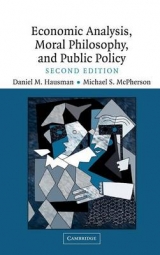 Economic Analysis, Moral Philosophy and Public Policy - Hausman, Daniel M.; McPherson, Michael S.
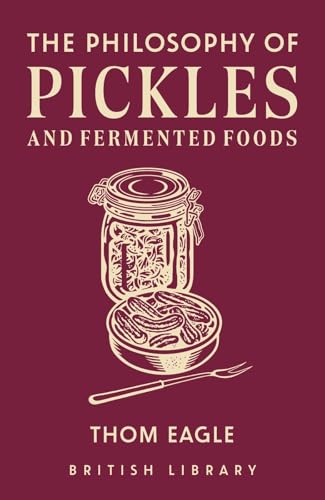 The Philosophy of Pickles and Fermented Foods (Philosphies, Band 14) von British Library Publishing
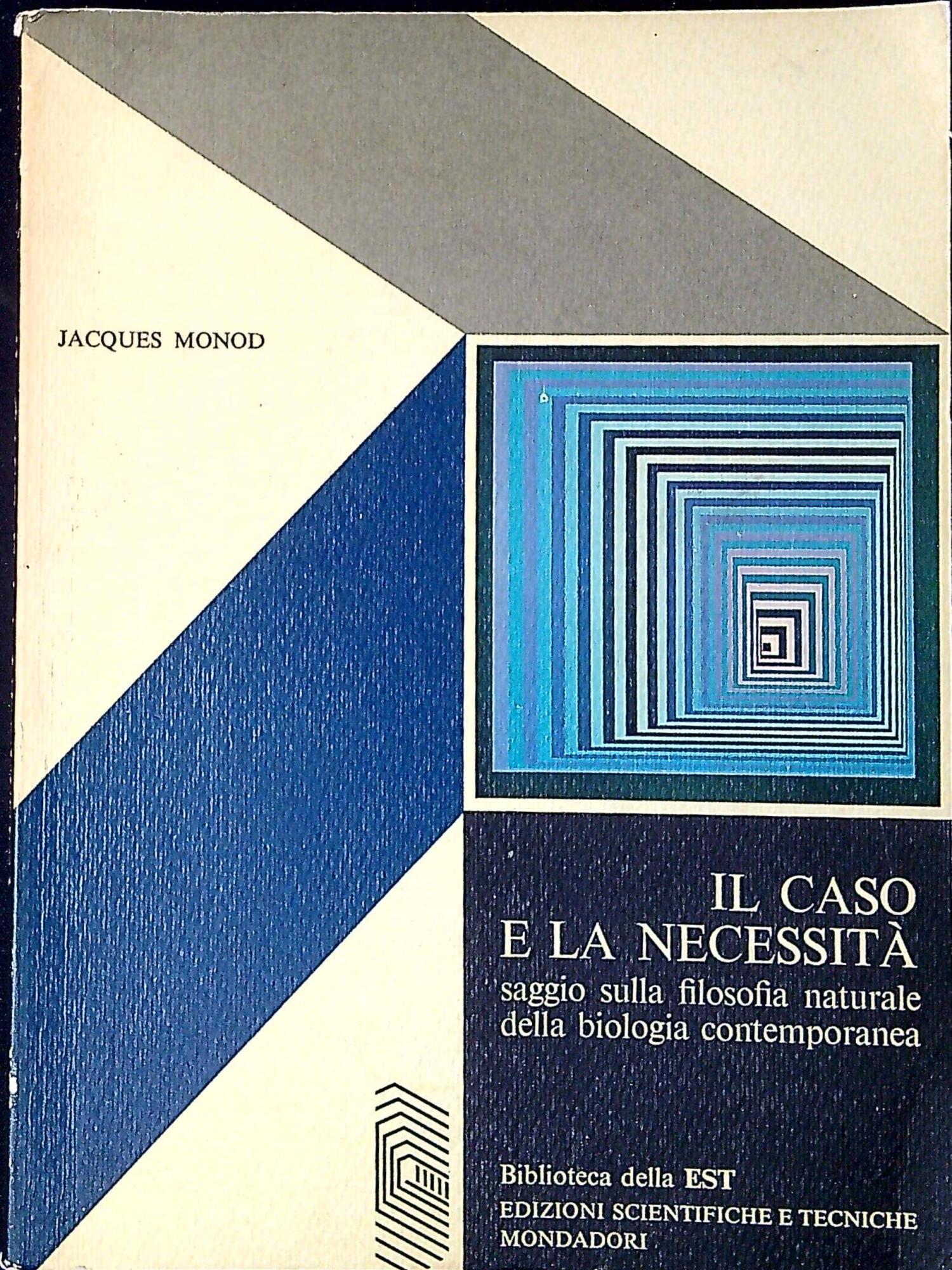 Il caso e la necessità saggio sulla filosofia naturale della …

══════

### ASSIGNMENT
The material above must be reproduced line for line, with the images omitted.

### RESPONSE TO THIS TASK
 Economic Analysis, Moral Philosophy and Public Policy - Hausman, Daniel M.; McPherson, Michael S.
 The Philosophy of Pickles and Fermented Foods (Philosphies, Band 14) von British Library Publishing
 Il caso e la necessità saggio sulla filosofia naturale della …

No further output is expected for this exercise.